Friedman, whose latest book, "Free to Choose," is on the best-seller list, was brutally critical about the Federal Reserve's policies under Volcker during an hour-long interview at San Francisco's Mark Hopkins Hotel. "I want him to put up or shut up. He talks about a stable money policy. But his record shows fluctuations more erratic than any comparable time before. I am baffled," said Friedman.

He points out that the February to May, 1980, period showed "an unprecedented decline in money supply." This was followed by a complete turn- around, May through October 1980 when "the rate of increase was greater than in any other five-month period."

The diminutive Friedman's conclusion: If the Fed doesn't get turned around, inflation will move up to a 25 percent rate sometime in the next few years, despite the Reagan economic policy of budget cuts and less taxes.
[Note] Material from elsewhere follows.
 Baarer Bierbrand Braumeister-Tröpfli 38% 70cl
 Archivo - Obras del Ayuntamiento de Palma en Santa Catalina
Friedman would overhaul Fed policy if he were chairman. Here is his prescription for success in controlling the money supply.

First, he would make banks figure their reserves on current deposit level. Since banks reserve money based on deposits held two weeks ago, Friedman charges this "means the money supply this week is out of control." Friedman maintains that Volcker abstained from a tie vote of the Fed Board last September to make this important change in policy.

Second, Friedman would establish the Fed's discount rate, the charge made for money lent to member banks, at an automatic penalty rate of the current Treasury bill rate plus three percent. This would raise the cost of borrowing
from the Fed above the market.

The economist, who now teaches at the Hoover Institution on War, Revolution and Peace on Stanford University's campus, claims the present Fed Board won't raise the discount rate permanently "because they don't want to give up their power. Government bureaucracies, even that small, don't voluntarily give up power."

Third, Friedman would appease the large banks by paying them the present Treasury bill rate on their excess reserves. This would give them an extra income on the money they don't lend out.

Fourth, he would pick a single measure of the money supply and stick with it. The current practice of using several measures like M1 or M2 was "a clever device by Arthur Burns to confuse the oversight operation of the House Banking Committee in the past," says Friedman.

Friedman also charges that the policy of the Fed does not work because three members of the board, Nancy Teeters, Lyle Gramley and Charles Partee are "died-in-the-wool Keynesians, and Democrats, and overpower the rest of the open market committee. That's part of the problem," he says.

Friedman admits that "Paul Volcker is not about to resign. He won't resign unless he turns the Fed around. I hope he achieves it. If he doesn't, we're in deep deep trouble," he says.

He suggests that already there is quiet pressure from within the Reagan Administration on the Fed. Friedman says his choice for President in 1984 would be David Stockman, because of his brilliance and charismatic leadership on economic problems.

He also suggests that other people would be good as chairman of the Fed, including economist Alan Greenspan, Citicorp Chairman Walter Wriston, and Beryl Sprinkel, present Undersecretary of the Treasury for Monetary Affairs.

The hardcover edition of "Free to Choose" has already sold 400,000 copies, as many as "Capitalism and Freedom" have sold since 1962 when it was first published. Friedman's television series on the economy has been purchased for viewing all over Western Europe and in Scandinavia, too. The reason for his popularity now, says Friedman, is that "the intellectual community went further to the left than the public. Now the left-leaning intellectuals are bankrupt."

Friedman does not worry about Reagan's increased military appropriations. He says, "They will go up rapidly but spending won't go up as rapidly as the appropriations. That's what everyone forgets."

Friedman also argues that inflation has nothing to do with the current budget deficit. Rather, he says, it has to do with monetary policy and he does not believe that government spending is really the cause of inflation.